[What you should do] Among the records that follow, set down only the lines from the one containing "Säerin, Untergrund Glatt" to the one containing "Pouf Laurel - Boucle noire Pouf", both included, exactly.

[Stored data]
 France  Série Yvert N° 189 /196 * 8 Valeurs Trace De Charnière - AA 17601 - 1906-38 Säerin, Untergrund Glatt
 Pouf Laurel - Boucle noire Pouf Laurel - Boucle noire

...

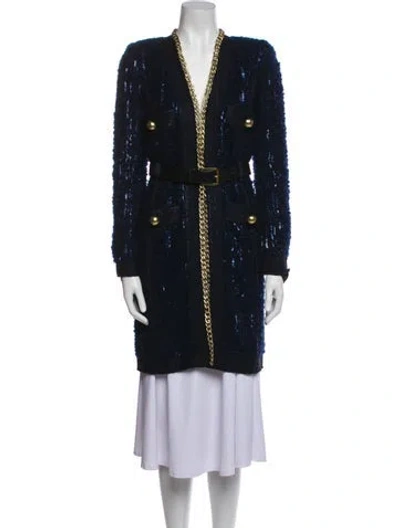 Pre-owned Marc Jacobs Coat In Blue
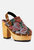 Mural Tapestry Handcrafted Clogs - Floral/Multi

* * *

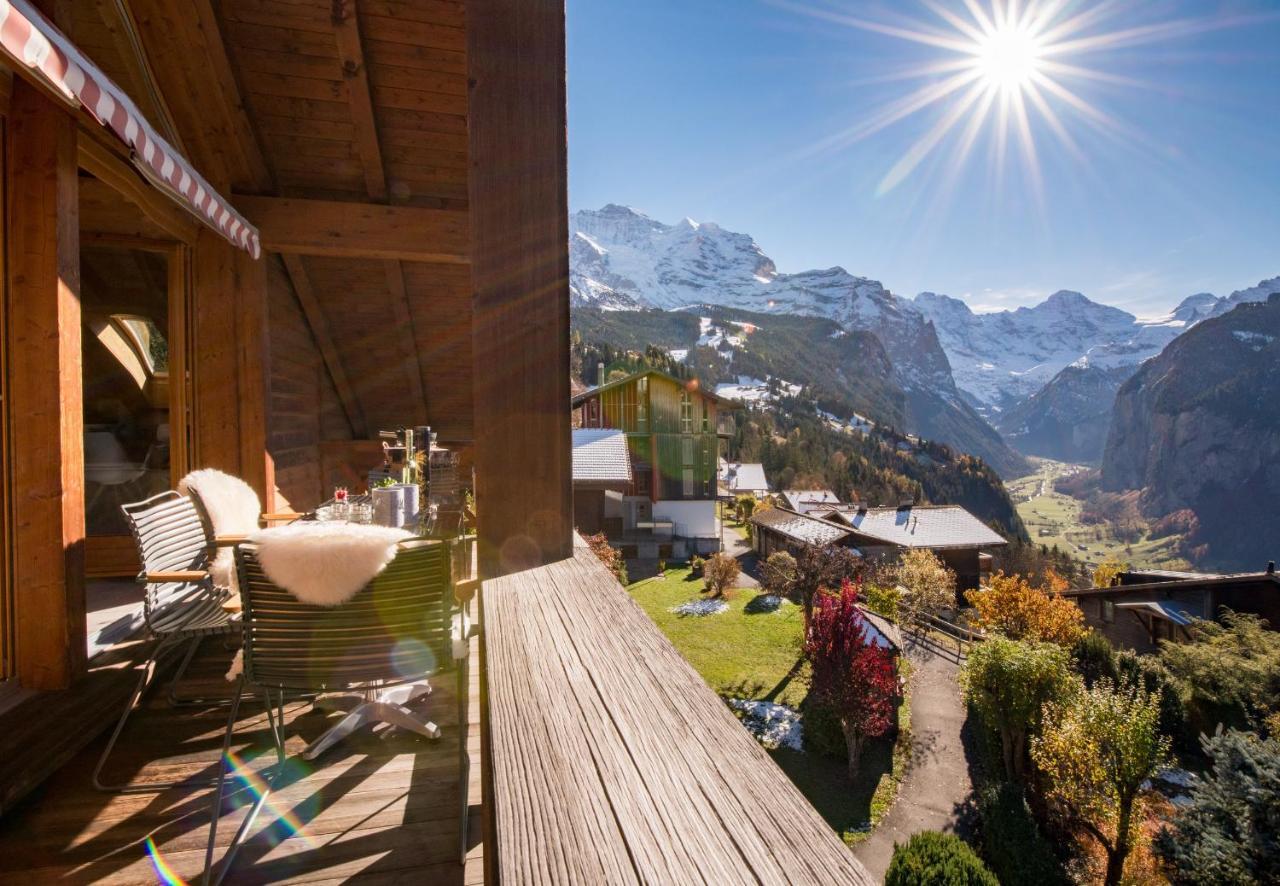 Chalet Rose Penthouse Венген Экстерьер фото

[Output below]
 France  Série Yvert N° 189 /196 * 8 Valeurs Trace De Charnière - AA 17601 - 1906-38 Säerin, Untergrund Glatt
 Pouf Laurel - Boucle noire Pouf Laurel - Boucle noire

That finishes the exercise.